I have previously divided Trump’s “conservative” critics into two types. Those who recognize that this is what NeverTrump is really about but talk in conservative movement speak to keep the rubes in line. In other words, shills. And those who do not recognize that this is what NeverTrump (and really movement conservative/neoconservative ideology and dogma in general) is all about. In other words, useful idiots. There is a certain earnestness to French’s anti-Trump pleas that made me until now think that maybe he just was not that smart and fell in the useful idiot category. Now that I realized he went to Harvard Law School and has written academic books on British warfare among other esoteric topics, I see that my really not that smart assessment was off. He could not have graduated from Harvard Law and not recognize the keeping “conservatism” and the GOP safe for globalism aspect of the NeverTrump hysteria. Therefore, he is a shill. He is just a particularly convincing one.

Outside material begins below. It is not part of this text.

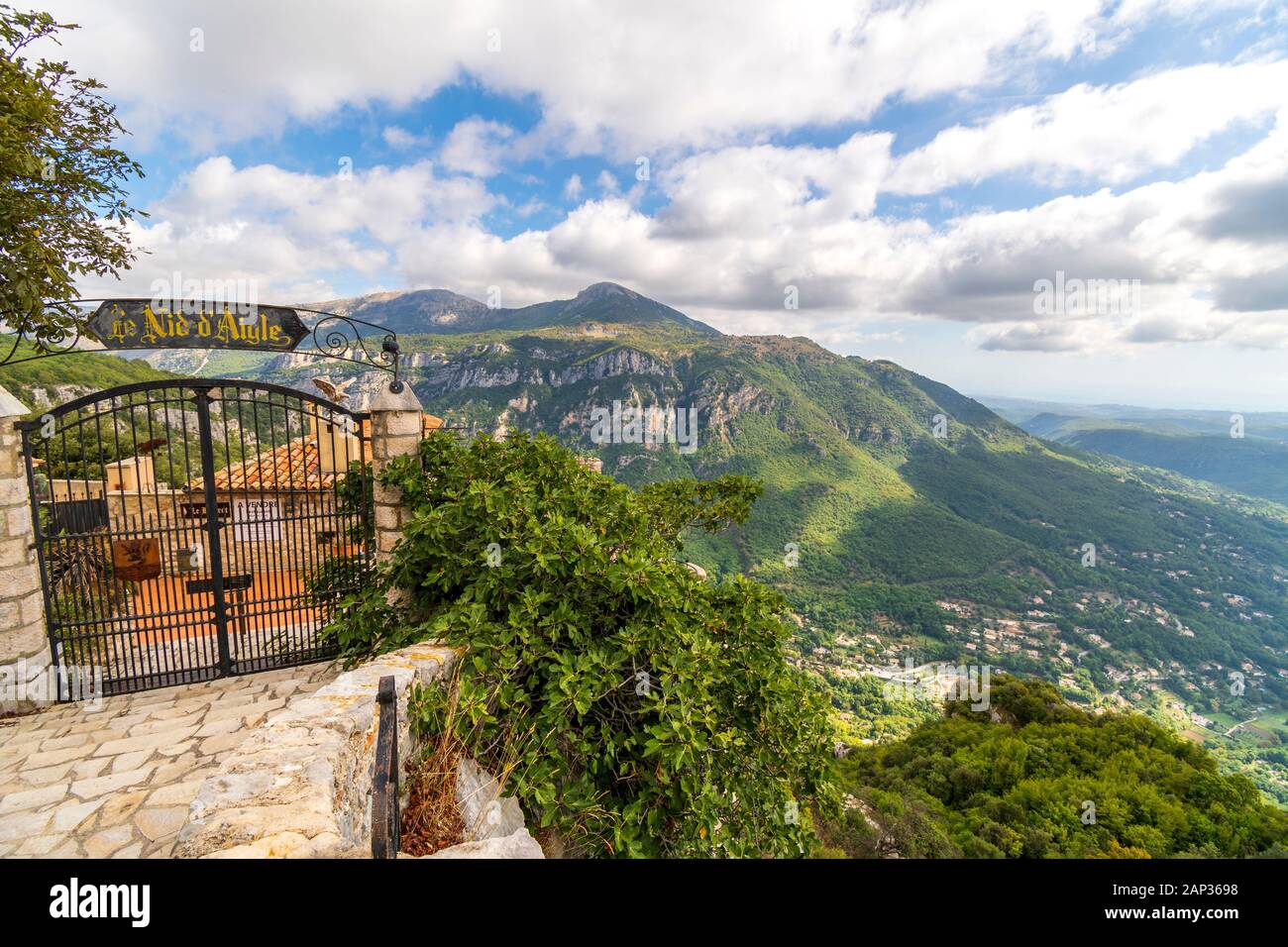 Sicht auf die Berge und Täler der Alpes-Maritimes im Süden von Frankreich aus einem Restaurant in dem mittelalterlichen Dorf Gourdon, Frankreich. Stockfoto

There is a part of me that almost feels sorry for Mr. French. He is like the no name actor who is picked to play some big role whose selection is then panned by critics and fans alike. He is clearly taking one for the team. My instinct is still to ask why Billy Boy did not step up. He is over thirty five and was born in New York and even went to Harvard. What is holding him back? But French already publicly emasculated himself when he wrote his afore mentioned pathetic beta male protest that “Trump really isn’t an alpha male,” so what dignity does he have left to preserve anyway? May the French Revolution continue to underwhelm.

This essay was also published at Intellectual Conservative.